What meta-analysis experts have found is that quite often, the higher a study’s “standard error” (which is to say, the smaller the study), the more likely the study in question is to report a strongly positive result. So instead of a funnel graph with roughly equal data points on each side (which is what you expect statistically), you get a graph that’s visibly lopsided to the right, indicating that publication bias (from non-publication of “bad results”) is likely. Otherwise how do you account for the points mysteriously missing from the left side of the graph, in a graph that should (by statistical odds) have roughly equal numbers of points on both sides?

Small studies aren’t always the culprits. Some meta-analyses, in some research fields, show funnel-graph asymmetry at the top of the funnel as well as the bottom (in other words, across all study sizes). Data points are missing on the left side of the funnel. Which is hard to account for in a statistical distribution that should show points on both sides, in roughly equal amounts. The only realistic possibility is publication bias.

Then there’s the problem of spin-doctoring in studies that are published. This takes various forms, from changing the chosen outcomes-measure after all the data are in (to make the data look better, via a different criterion-of-success; one of many criticisms of the $35 million STAR-D study of depression treatments), “cherry-picking” trials or data points (which should probably be called pea-picking in honor of Gregor Mendel, who pioneered the technique), or the more insidious phenomenon of HARKing, Hypothesizing After the Results are Known, which often occurs with selective citation of concordant studies.
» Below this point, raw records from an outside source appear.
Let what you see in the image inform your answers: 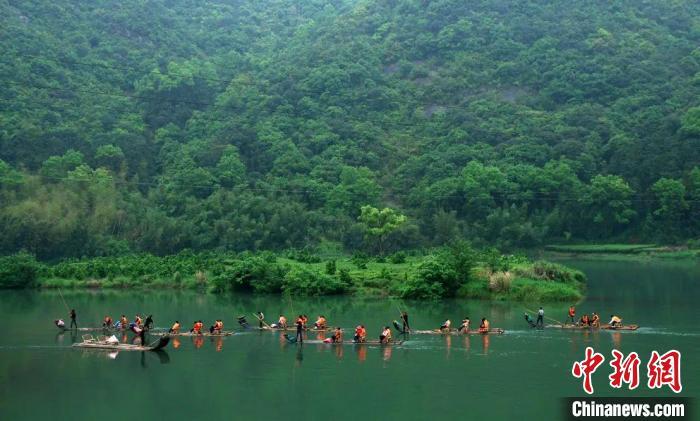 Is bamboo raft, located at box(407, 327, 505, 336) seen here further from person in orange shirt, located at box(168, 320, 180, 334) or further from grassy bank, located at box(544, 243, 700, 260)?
grassy bank, located at box(544, 243, 700, 260)

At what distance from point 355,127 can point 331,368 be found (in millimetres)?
83059

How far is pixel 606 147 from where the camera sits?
110 metres

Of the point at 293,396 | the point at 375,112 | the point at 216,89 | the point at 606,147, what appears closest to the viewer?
the point at 293,396

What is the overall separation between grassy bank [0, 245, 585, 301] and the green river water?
2.18m

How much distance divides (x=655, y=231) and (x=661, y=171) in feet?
A: 26.9

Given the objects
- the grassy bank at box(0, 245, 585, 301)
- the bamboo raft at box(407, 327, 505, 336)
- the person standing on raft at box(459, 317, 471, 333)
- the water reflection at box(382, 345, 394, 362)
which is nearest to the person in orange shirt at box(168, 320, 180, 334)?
the water reflection at box(382, 345, 394, 362)

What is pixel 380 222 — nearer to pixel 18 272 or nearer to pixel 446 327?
pixel 18 272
So is Dr. Ioannidis right? Are most published research findings false? I don’t think we have to go that far. I think it’s reasonable to say that most papers are probably showing real data, obtained legitimately. But we also have to admit there is a substantial phantom literature of unpublished data out there. (This is particularly true in pharmaceutical research, where it’s been shown that unflattering studies simply don’t get published.) And far too many study authors practice HARKing, cherry-picking, and post hoc outcome-measure swapping.

All of which is to say, it’s important to read scientific literature with a skeptical (or at least critical) eye. Fail to do that and you’re bound to be led astray, sooner or later.